I catch myself regularly defaulting to wanting to solve problems using computers. While taking a step back and thinking of how it would be done without, often exposes a simpler model. Sometimes you will realize that you don't need a computer at all. If not that, you get to steal from models that have been molded and battle tested for years.

Look at existing organizational structures and search for boundaries. You might find that aligning your software with existing boundaries makes the pieces of the puzzle fit. Learn how departments communicate; passing forms, by phone or by email. Maybe it shows that you need synchronous communication with strong consistency based on a formal protocol or that you might just get away with asynchronous communication with a less strong schema. Go through paper work, formulas, legislation, research papers, books and what not, and that hard to crack nut might become a bit softer. Look at where people are making decisions and how they are deciding on them, do you spot the patterns?

People have been solving problems for hundreds of years, tinkering with and perfecting models, way before computers were a commodity. Natural selection made sure only the strongest made it this far. Those solutions didn't stop working all of a sudden, nor should they be discarded as a whole. A great deal of them will likely survive another few hundred years, in one form or the other. 

Sunday, June 8, 2014

Paper notes: A Study and Toolkit for Asynchronous Programming in C#

The .NET framework mainly provides two models for asynchronous programming: (1) the Asynchronous Programming Model (APM), that uses callbacks, and (2) the Task Asynchronous Pattern (TAP), that uses Tasks, which are similar to the concept of futures.

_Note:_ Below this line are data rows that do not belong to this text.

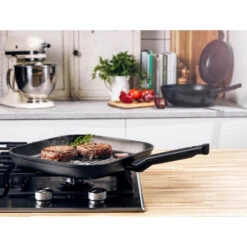 BK Easy Induction Grillpan 26 X 26 Cm Ceramic -Keukenartikelen Verkoop 102 9675 7 1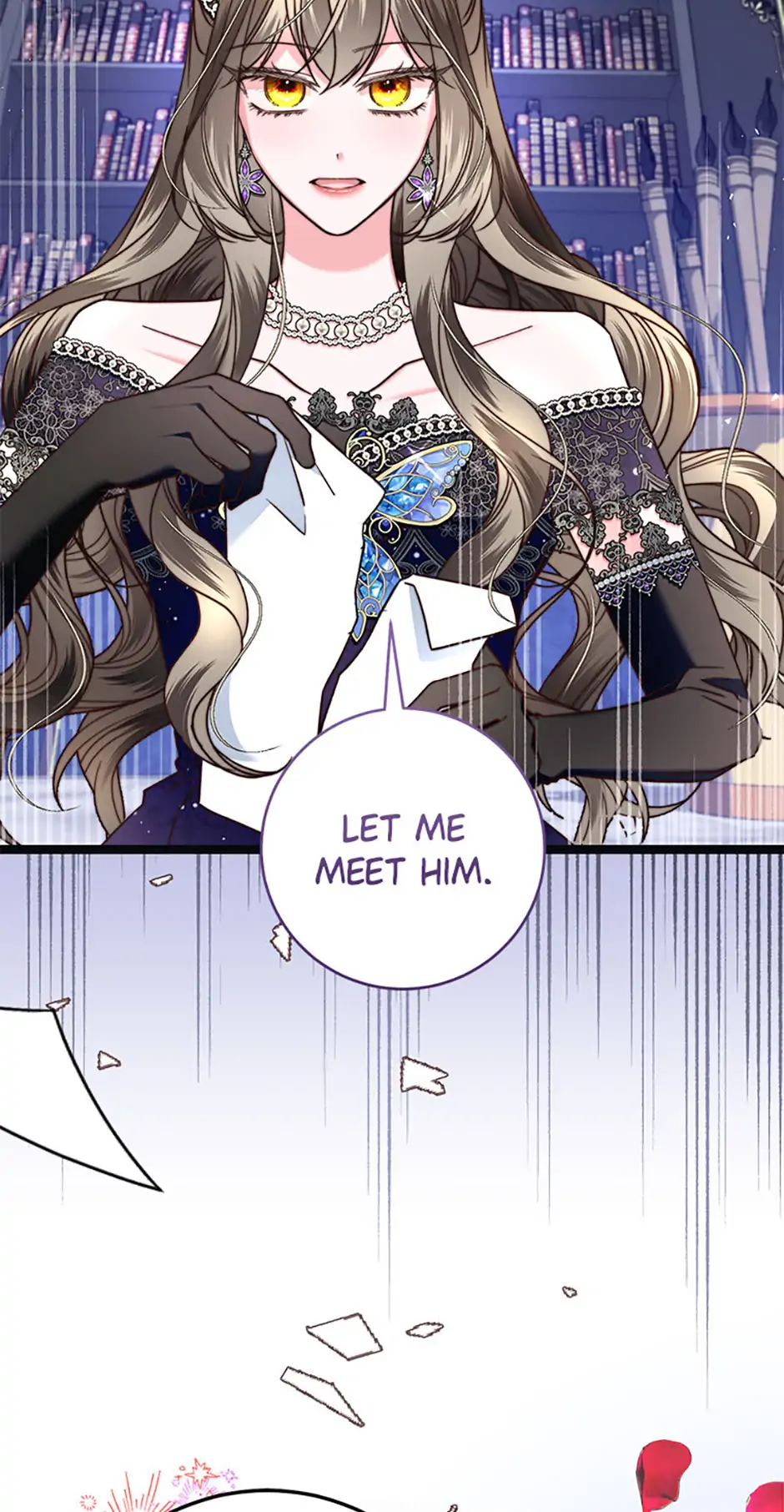 The Guidebook for Villainesses Chapter 13 - Page 36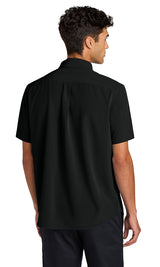 Mercer+Mettle® Short Sleeve UV Capital Tech Shirt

The Task represents the operation in progress, and its future result. The Task can be (1) queried for the status of the operation, (2) synchronized upon to wait for the result of the operation, or (3) set up with a continuation that resumes in the background when the task completes.

When a method has the async keyword modifier in its signature, the await keyword can be used to define pausing points. The code following the await expression can be considered a continuation of the method, exactly like the callback that needs to be supplied explicitly when using APM or plain TAP.

Do Developers Misuse async/await?
  1. One in five async methods violate the principle that an async method should be awaitable unless it is the top level event handler.
  2. Adding the async modifier comes at a price: the compiler generates some code in every async method and generated code complicates the control flow which results in decreased performance. There is no need to use async/await in 14% of async methods.
  3. 1 out of 5 apps miss opportunities in at least one async method to increase asynchronicity.
  4. 99% of the time, developers did not use ConfigureAwait(false) where this was needed.
The async/await feature is a powerful abstraction. asynchronous methods are more complicated than regular methods in three ways. (1) Control flow of asynchronous methods. Control is returned to the caller when awaiting, and the continuation is resumed later on. (2) Exception handling. Exceptions thrown in asynchronous methods are automatically captured and returned through the Task. The exception is then re-thrown when the Task is awaited. (3) Non-trivial concurrent behavior.

Each of these is a leak in the abstraction, which requires an understanding of the underlying technology - which developers do not yet seem to grasp.

Another problem might simply be the naming of the feature: asynchronous methods. However, the first part of the method executes synchronously, and possible the continuations do as well. Therefore, the name asynchronous method might be misleading: the term pauseable could be more appropriate.

Source

Sunday, June 1, 2014

Not about the UI and the database

When you ask an outsider which components an average application consists of, he will most likely be able to identify the user interface and the database. He will also recognize that there is something in between that takes the input from the user interface, applies some logic and persists the result in the database.


In the past, trying to make sense of what goes on the middle, we started - with the best intentions - layering things. Each layer had its own responsibility and would build upon previous layers. Although there was a layer for business logic, we never really succeeded in capturing the essence. In the end we would still be orchestrating database calls, but now we would be forced to go through a bunch of indirections in the form of anemic layers and objects.


Some people saw these designs for what they were, broke free and started optimizing for the shortest path - from user interface to database with the least amount of effort. By aiming to serve the common denominator and by putting their trust in dark magic, frameworks popped up that would allow you to slap together an application in a matter of hours.


The problem with these frameworks is that they leave you with very little room for your own, and you often end up jumping through hoops when you need to deviate from the path carved out for you.


That's not the only problem though - applications are a lot more than a user interface and a database. What lives between those two is more than a technical necessity - it's a place where you get to build a model of the problem you are solving. The model gives you an opportunity to learn from and to communicate with domain experts, peers and users. And that's exactly where most businesses make the difference, not by having a fancy user interface or a carefully designed database schema, but by really understanding and by being absorbed by the problem they are solving. It's the user interface and the database that are the necessary evil we bring upon ourselves by solving problems using computers.

The state that lives in your database is a side effect - the result of the model's behavior. The user interface tries to make it as easy as possible for users to drive and use the model.


Although the user interface and the database are important, it's the model that is the heart and soul of your application.

(*) Disclaimer: all these drawings are simplistic by design.